Not all council members support granting the raises.
“We have not seen in writing what they were promised,” said Rebecca Burns, council member and president of council’s finance committee. “I also want to do due diligence to the taxpayers and see where the funds are first. This is why I can’t vote on this.”
Martin argued that he presented the proposed increases to the finance committee prior to the full council meeting and that everyone agreed on the numbers.
“I made a suggestion and after discussions with the president of the finance committee, we recommended an amount that the others on the committee supported, too,” Martin said. “I left and thought this would be approved, then I found out there are second thoughts.”
According to Burns, after the finance committee meeting, the village received the findings of a water and sewer rate study that could affect funding for water and sewer services.
The village contracted with Environmental Engineering Services of Lebanon, Ohio, to study what residents are paying now for water and sewer and if it’s enough to cover the village’s operational costs and existing loans on the water and sewer plants.
“I agree, if we made a promise we should keep it, but we are also in fiscal emergency,” said Becky Martin, council member. “What I see is a large raise, but we are in fiscal emergency. It is not that they don’t deserve the raise; it is the amount. We are spending residents’ money, and we need to be extra careful.”
Council member David Timmons sees it differently.
“If they get the license, they deserve a pay raise,” he said.
Martin said the village could grant the raises and be fine fiscally, despite the recent rate study findings.
Council is holding a special work session at 11 a.m.

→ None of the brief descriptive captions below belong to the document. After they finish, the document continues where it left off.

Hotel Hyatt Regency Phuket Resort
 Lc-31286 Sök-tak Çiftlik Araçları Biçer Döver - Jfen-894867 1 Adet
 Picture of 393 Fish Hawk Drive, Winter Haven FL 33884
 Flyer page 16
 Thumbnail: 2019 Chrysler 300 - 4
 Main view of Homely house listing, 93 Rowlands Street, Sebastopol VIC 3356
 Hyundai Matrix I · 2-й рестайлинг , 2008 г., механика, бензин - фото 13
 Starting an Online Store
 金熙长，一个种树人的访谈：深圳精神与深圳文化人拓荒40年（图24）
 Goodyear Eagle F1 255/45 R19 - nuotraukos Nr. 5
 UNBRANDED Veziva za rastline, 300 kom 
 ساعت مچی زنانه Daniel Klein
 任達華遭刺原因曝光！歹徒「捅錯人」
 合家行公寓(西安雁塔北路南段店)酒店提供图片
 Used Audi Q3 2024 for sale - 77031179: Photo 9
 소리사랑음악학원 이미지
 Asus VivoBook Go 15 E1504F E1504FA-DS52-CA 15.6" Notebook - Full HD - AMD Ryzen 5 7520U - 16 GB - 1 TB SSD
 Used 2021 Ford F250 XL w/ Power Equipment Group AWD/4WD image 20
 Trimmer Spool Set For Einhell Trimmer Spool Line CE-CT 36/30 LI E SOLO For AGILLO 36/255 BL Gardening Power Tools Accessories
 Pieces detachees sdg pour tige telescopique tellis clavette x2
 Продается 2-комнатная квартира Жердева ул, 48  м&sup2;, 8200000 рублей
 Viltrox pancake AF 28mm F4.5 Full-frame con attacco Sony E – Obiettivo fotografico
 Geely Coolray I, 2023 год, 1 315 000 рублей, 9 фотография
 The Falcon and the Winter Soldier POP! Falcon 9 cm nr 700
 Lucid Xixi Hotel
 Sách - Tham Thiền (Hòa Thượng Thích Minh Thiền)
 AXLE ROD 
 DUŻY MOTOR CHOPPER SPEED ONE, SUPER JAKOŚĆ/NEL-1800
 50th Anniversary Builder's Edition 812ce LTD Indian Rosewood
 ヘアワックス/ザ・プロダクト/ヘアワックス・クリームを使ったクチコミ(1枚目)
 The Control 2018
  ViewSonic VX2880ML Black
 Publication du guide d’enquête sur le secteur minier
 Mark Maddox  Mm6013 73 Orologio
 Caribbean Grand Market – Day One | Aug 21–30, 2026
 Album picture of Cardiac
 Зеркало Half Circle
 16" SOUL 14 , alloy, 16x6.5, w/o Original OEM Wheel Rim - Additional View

Sept. 5 to discuss the findings.
Martin said that even with the increases, the two employees would be making less than the average wage for their positions. He also said that the village has significantly fewer employees now, resulting in further savings.
“We can’t afford to lose employees, and they deserve a pay increase for what they have achieved,” Martin said.
Council voted 4-2 against granting the raises, with Rebecca Burns, Becky Martin, Tammy Vansickle and Tom Ward casting “no” votes and David Timmons and Lowell Anderson casting “yes” votes.
After the vote, Martin had harsh words for council.
“We do a lot of talking and don’t get anything done,” he said. “We are staying true to form tonight and have not accomplished a thing. If we lose an employee because of this action, don’t look at me for what to do. I’m going to ask you that voted against this what to do.”